Discussion in 'GPGPU Technology & Programming' started by rpg.314, Apr 17, 2009.

  1. TimothyFarrar

    Regular

    Joined:
    Nov 7, 2007
    Messages:
    427
    Likes Received:
    0
    Location:
    Santa Clara, CA
    I'm not sure about that. If you were to scatter randomly (or semi-randomly) into your CUDA shared memory wouldn't you have a rather low on average number of bank conflicts ... if so your scatter would actually be a bit faster than if you could only hit a single cache line per access.
     
  2. Rayne

    Newcomer

    Joined:
    Jun 23, 2007
    Messages:
    91
    Likes Received:
    0
    The gradient vectors in the Perlin noise are 100% random, if you use the original Ken Perlin algorithm.

    In my CUDA implementation, i have 24 random accesses to float4 vectors, plus 6 accesses to byte indexes, and the final float write result. :oops:
     
  3. TimothyFarrar

    Regular

    Joined:
    Nov 7, 2007
    Messages:
    427
    Likes Received:
    0
    Location:
    Santa Clara, CA
    A large radius stochastic kernel is a good example. With LRB if you were gathering 16 random pixels each vector gather, how many would hit in the same 4x4 tile (bit interleaved addressing so 4x4 tile = one cache line)? Compare to how many expected bank conflicts you'd get with CUDA. Not to mention if large radius kernel, you could create a "random" pattern which was insured not to have bank conflicts...
     
  4. Jawed

    Legend

    Joined:
    Oct 2, 2004
    Messages:
    10,873
    Likes Received:
    767
    Location:
    London
    Just because I'm describing what people might do on Larrabee doesn't mean I think all this stuff is wonderful.

    Shared memory isn't even an automatic win. Still it can be a huge bonus so until the abstractions are improved (if it's even possible?) people are stuck with programming to the metal.

    Maybe NVidia will start opening up on their architecture, in light of increasing competition, instead of making people faff for 18 months in order to get a decent matrix multiply programmed.

    I'm sure this will be qualified by developers over time once they get their hands on Larrabee.

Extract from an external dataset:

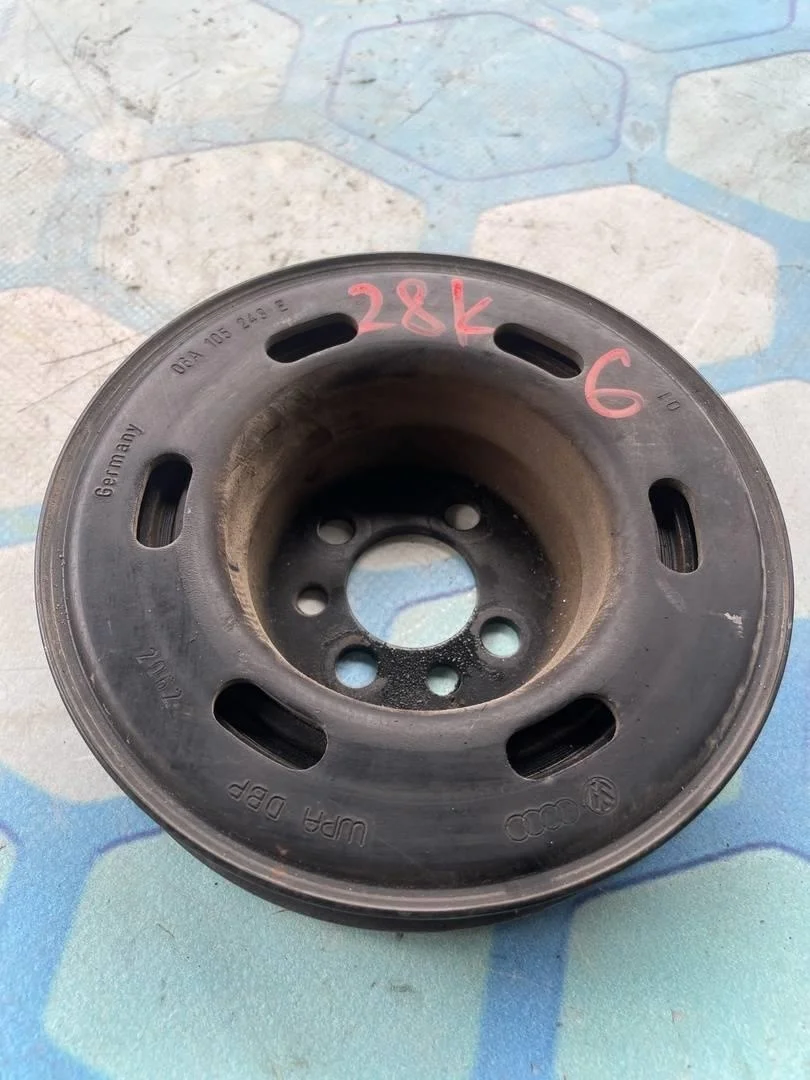 Шкив коленвала VW Golf 2009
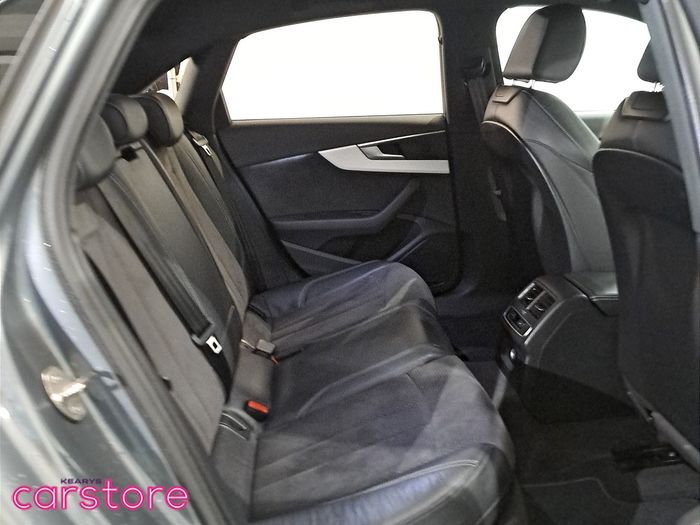 Audi A4 2019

    Maybe we need a thread: "Ray Tracer: CUDA or Larrabee?"

    Jawed
     
  5. nAo

    nAo Nutella Nutellae
    Veteran

    Joined:
    Feb 6, 2002
    Messages:
    4,325
    Likes Received:
    93
    Location:
    San Francisco
    How do you make your data fit in a small local memory for a "large radius stochastic kernel"? :)
     
  6. Jawed

    Legend

    Joined:
    Oct 2, 2004
    Messages:
    10,873
    Likes Received:
    767
    Location:
    London
    The fundamental question is: if you're allowed to optimise for NVidia, aren't you allowed to optimise for Larrabee? Why blindly take a piecemeal approach on Larrabee just because piecemeal doesn't hurt too much on NVidia?

    This paper:

    http://impact.crhc.illinois.edu/ftp/conference/ppopp-08-ryoo.pdf

    is just over a year old. I wonder how much of that is still useful? They didn't even get to 100GFLOPs in MM on G80.

    The learning curve is pretty steep with these "desktop supercomputers" :lol:

    Jawed
     
  7. Jawed

    Legend

    Joined:
    Oct 2, 2004
    Messages:
    10,873
    Likes Received:
    767
    Location:
    London
    In Larrabee you might hold the whole tile in L2 and slide a tile from the dataset through L2 using the scalar pipeline's cache pre-fetching instructions, in parallel with the work being done by the VPU.

    The worst case latency is 1/16th * 10 L2 cycles = 160 cycles. How does that compare with the 500 cycles of latency that NVidia's trying to hide, each time it goes to fetch a tile from video memory into shared memory? How much work are the multiprocessors doing (erm, not doing on the kernel) while they compute tile addresses and move data into shared memory?

    Jawed
     
  8. TimothyFarrar

    Regular

    Joined:
    Nov 7, 2007
    Messages:
    427
    Likes Received:
    0
    Location:
    Santa Clara, CA
    :sad: Yeah, a 64x64 or so sized tile for local memory isn't all that large...
     
  9. nAo

    nAo Nutella Nutellae
    Veteran

    Joined:
    Feb 6, 2002
    Messages:
    4,325
    Likes Received:
    93
    Location:
    San Francisco
    This is what I mean when I say that a data cache based approach scales better (which obviously doesn't say much about absolute performance).
     
  10. 3dilettante

    Legend Alpha

    Joined:
    Sep 15, 2003
    Messages:
    8,137
    Likes Received:
    2,939
    Location:
    Well within 3d
    Well, it is cache, so in the spirit of nitpicking, the worst-case is "Surprise!! One of the other three threads just thrashed the L2 at those lines you need" and it's 16*200 cycles or more.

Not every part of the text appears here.